> _PROBLEM STATEMENT_
Please restate the data word for word, in full.

> _LISTED ENTRIES_
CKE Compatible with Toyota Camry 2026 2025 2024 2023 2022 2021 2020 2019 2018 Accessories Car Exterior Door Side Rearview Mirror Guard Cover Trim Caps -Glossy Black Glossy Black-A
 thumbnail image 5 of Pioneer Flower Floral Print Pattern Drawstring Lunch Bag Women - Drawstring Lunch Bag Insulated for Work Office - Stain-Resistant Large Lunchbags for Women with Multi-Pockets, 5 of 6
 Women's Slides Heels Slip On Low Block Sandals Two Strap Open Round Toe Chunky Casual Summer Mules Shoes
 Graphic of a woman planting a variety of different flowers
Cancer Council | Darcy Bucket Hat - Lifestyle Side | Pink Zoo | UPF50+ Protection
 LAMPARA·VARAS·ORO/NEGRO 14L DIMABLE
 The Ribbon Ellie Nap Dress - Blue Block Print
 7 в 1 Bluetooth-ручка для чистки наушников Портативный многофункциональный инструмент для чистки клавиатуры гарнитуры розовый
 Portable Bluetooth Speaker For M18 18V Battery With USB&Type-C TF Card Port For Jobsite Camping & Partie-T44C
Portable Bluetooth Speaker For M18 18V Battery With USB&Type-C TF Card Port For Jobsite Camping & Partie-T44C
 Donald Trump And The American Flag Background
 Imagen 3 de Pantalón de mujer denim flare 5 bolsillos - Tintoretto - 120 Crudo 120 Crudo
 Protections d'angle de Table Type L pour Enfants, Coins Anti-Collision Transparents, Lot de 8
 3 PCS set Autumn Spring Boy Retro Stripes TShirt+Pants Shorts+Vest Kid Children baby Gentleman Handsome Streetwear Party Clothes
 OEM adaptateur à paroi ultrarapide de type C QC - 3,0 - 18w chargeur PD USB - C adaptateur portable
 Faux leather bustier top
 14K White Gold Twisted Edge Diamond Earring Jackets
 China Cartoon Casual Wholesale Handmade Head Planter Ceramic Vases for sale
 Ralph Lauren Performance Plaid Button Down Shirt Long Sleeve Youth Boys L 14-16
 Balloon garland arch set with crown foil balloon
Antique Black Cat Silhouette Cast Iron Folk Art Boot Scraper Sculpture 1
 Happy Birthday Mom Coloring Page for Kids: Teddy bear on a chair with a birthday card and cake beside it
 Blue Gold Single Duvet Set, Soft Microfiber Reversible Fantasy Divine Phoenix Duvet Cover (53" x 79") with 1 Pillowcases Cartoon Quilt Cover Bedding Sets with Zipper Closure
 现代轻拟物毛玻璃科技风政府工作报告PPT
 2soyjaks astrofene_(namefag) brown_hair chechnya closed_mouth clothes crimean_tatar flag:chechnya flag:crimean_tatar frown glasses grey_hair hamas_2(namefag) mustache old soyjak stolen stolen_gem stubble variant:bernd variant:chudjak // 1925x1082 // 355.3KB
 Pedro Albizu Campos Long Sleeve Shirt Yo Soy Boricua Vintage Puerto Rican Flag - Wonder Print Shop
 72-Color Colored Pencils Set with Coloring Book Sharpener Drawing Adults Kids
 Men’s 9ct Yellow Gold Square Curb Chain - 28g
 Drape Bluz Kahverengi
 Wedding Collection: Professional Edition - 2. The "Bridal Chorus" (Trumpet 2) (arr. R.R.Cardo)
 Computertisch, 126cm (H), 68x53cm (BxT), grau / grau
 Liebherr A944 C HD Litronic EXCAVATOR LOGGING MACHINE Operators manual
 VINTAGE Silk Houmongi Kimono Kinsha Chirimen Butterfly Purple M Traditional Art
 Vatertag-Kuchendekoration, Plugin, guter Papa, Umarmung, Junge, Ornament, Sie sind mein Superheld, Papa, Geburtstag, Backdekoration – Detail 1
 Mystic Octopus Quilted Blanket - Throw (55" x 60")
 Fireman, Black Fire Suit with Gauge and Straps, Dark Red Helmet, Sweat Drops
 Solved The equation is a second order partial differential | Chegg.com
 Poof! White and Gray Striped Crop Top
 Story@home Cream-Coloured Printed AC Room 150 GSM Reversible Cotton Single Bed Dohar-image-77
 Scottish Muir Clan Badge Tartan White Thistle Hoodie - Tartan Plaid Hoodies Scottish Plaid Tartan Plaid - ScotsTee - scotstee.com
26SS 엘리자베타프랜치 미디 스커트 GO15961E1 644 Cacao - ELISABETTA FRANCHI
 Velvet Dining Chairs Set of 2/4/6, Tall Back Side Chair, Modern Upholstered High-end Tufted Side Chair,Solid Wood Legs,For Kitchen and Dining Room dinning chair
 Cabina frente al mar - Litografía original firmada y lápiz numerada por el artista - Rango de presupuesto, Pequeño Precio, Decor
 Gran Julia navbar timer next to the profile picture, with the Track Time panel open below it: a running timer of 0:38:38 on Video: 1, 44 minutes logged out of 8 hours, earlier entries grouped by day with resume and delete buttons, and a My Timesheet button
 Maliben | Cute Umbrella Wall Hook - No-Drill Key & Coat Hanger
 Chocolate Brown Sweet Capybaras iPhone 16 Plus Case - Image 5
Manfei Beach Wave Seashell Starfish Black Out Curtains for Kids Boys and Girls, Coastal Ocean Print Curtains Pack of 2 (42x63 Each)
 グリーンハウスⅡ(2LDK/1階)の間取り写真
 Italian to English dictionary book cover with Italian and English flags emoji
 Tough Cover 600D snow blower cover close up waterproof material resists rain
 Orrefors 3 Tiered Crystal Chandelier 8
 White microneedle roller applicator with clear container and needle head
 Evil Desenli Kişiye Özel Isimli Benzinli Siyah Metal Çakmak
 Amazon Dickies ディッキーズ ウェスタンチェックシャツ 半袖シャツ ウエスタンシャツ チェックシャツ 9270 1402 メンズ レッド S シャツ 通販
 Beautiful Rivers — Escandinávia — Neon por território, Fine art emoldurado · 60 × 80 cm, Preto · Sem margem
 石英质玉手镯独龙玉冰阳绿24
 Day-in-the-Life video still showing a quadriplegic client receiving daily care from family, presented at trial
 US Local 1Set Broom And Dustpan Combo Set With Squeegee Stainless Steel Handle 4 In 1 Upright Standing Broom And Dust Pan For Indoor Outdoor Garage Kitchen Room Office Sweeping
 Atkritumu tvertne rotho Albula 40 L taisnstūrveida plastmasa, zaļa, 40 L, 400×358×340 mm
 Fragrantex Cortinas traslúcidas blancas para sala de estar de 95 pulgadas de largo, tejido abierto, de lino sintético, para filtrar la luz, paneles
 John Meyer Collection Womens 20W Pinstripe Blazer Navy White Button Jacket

> _ANSWER_
CKE Compatible with Toyota Camry 2026 2025 2024 2023 2022 2021 2020 2019 2018 Accessories Car Exterior Door Side Rearview Mirror Guard Cover Trim Caps -Glossy Black Glossy Black-A
 thumbnail image 5 of Pioneer Flower Floral Print Pattern Drawstring Lunch Bag Women - Drawstring Lunch Bag Insulated for Work Office - Stain-Resistant Large Lunchbags for Women with Multi-Pockets, 5 of 6
 Women's Slides Heels Slip On Low Block Sandals Two Strap Open Round Toe Chunky Casual Summer Mules Shoes
 Graphic of a woman planting a variety of different flowers
Cancer Council | Darcy Bucket Hat - Lifestyle Side | Pink Zoo | UPF50+ Protection
 LAMPARA·VARAS·ORO/NEGRO 14L DIMABLE
 The Ribbon Ellie Nap Dress - Blue Block Print
 7 в 1 Bluetooth-ручка для чистки наушников Портативный многофункциональный инструмент для чистки клавиатуры гарнитуры розовый
 Portable Bluetooth Speaker For M18 18V Battery With USB&Type-C TF Card Port For Jobsite Camping & Partie-T44C
Portable Bluetooth Speaker For M18 18V Battery With USB&Type-C TF Card Port For Jobsite Camping & Partie-T44C
 Donald Trump And The American Flag Background
 Imagen 3 de Pantalón de mujer denim flare 5 bolsillos - Tintoretto - 120 Crudo 120 Crudo
 Protections d'angle de Table Type L pour Enfants, Coins Anti-Collision Transparents, Lot de 8
 3 PCS set Autumn Spring Boy Retro Stripes TShirt+Pants Shorts+Vest Kid Children baby Gentleman Handsome Streetwear Party Clothes
 OEM adaptateur à paroi ultrarapide de type C QC - 3,0 - 18w chargeur PD USB - C adaptateur portable
 Faux leather bustier top
 14K White Gold Twisted Edge Diamond Earring Jackets
 China Cartoon Casual Wholesale Handmade Head Planter Ceramic Vases for sale
 Ralph Lauren Performance Plaid Button Down Shirt Long Sleeve Youth Boys L 14-16
 Balloon garland arch set with crown foil balloon
Antique Black Cat Silhouette Cast Iron Folk Art Boot Scraper Sculpture 1
 Happy Birthday Mom Coloring Page for Kids: Teddy bear on a chair with a birthday card and cake beside it
 Blue Gold Single Duvet Set, Soft Microfiber Reversible Fantasy Divine Phoenix Duvet Cover (53" x 79") with 1 Pillowcases Cartoon Quilt Cover Bedding Sets with Zipper Closure
 现代轻拟物毛玻璃科技风政府工作报告PPT
 2soyjaks astrofene_(namefag) brown_hair chechnya closed_mouth clothes crimean_tatar flag:chechnya flag:crimean_tatar frown glasses grey_hair hamas_2(namefag) mustache old soyjak stolen stolen_gem stubble variant:bernd variant:chudjak // 1925x1082 // 355.3KB
 Pedro Albizu Campos Long Sleeve Shirt Yo Soy Boricua Vintage Puerto Rican Flag - Wonder Print Shop
 72-Color Colored Pencils Set with Coloring Book Sharpener Drawing Adults Kids
 Men’s 9ct Yellow Gold Square Curb Chain - 28g
 Drape Bluz Kahverengi
 Wedding Collection: Professional Edition - 2. The "Bridal Chorus" (Trumpet 2) (arr. R.R.Cardo)
 Computertisch, 126cm (H), 68x53cm (BxT), grau / grau
 Liebherr A944 C HD Litronic EXCAVATOR LOGGING MACHINE Operators manual
 VINTAGE Silk Houmongi Kimono Kinsha Chirimen Butterfly Purple M Traditional Art
 Vatertag-Kuchendekoration, Plugin, guter Papa, Umarmung, Junge, Ornament, Sie sind mein Superheld, Papa, Geburtstag, Backdekoration – Detail 1
 Mystic Octopus Quilted Blanket - Throw (55" x 60")
 Fireman, Black Fire Suit with Gauge and Straps, Dark Red Helmet, Sweat Drops
 Solved The equation is a second order partial differential | Chegg.com
 Poof! White and Gray Striped Crop Top
 Story@home Cream-Coloured Printed AC Room 150 GSM Reversible Cotton Single Bed Dohar-image-77
 Scottish Muir Clan Badge Tartan White Thistle Hoodie - Tartan Plaid Hoodies Scottish Plaid Tartan Plaid - ScotsTee - scotstee.com
26SS 엘리자베타프랜치 미디 스커트 GO15961E1 644 Cacao - ELISABETTA FRANCHI
 Velvet Dining Chairs Set of 2/4/6, Tall Back Side Chair, Modern Upholstered High-end Tufted Side Chair,Solid Wood Legs,For Kitchen and Dining Room dinning chair
 Cabina frente al mar - Litografía original firmada y lápiz numerada por el artista - Rango de presupuesto, Pequeño Precio, Decor
 Gran Julia navbar timer next to the profile picture, with the Track Time panel open below it: a running timer of 0:38:38 on Video: 1, 44 minutes logged out of 8 hours, earlier entries grouped by day with resume and delete buttons, and a My Timesheet button
 Maliben | Cute Umbrella Wall Hook - No-Drill Key & Coat Hanger
 Chocolate Brown Sweet Capybaras iPhone 16 Plus Case - Image 5
Manfei Beach Wave Seashell Starfish Black Out Curtains for Kids Boys and Girls, Coastal Ocean Print Curtains Pack of 2 (42x63 Each)
 グリーンハウスⅡ(2LDK/1階)の間取り写真
 Italian to English dictionary book cover with Italian and English flags emoji
 Tough Cover 600D snow blower cover close up waterproof material resists rain
 Orrefors 3 Tiered Crystal Chandelier 8
 White microneedle roller applicator with clear container and needle head
 Evil Desenli Kişiye Özel Isimli Benzinli Siyah Metal Çakmak
 Amazon Dickies ディッキーズ ウェスタンチェックシャツ 半袖シャツ ウエスタンシャツ チェックシャツ 9270 1402 メンズ レッド S シャツ 通販
 Beautiful Rivers — Escandinávia — Neon por território, Fine art emoldurado · 60 × 80 cm, Preto · Sem margem
 石英质玉手镯独龙玉冰阳绿24
 Day-in-the-Life video still showing a quadriplegic client receiving daily care from family, presented at trial
 US Local 1Set Broom And Dustpan Combo Set With Squeegee Stainless Steel Handle 4 In 1 Upright Standing Broom And Dust Pan For Indoor Outdoor Garage Kitchen Room Office Sweeping
 Atkritumu tvertne rotho Albula 40 L taisnstūrveida plastmasa, zaļa, 40 L, 400×358×340 mm
 Fragrantex Cortinas traslúcidas blancas para sala de estar de 95 pulgadas de largo, tejido abierto, de lino sintético, para filtrar la luz, paneles
 John Meyer Collection Womens 20W Pinstripe Blazer Navy White Button Jacket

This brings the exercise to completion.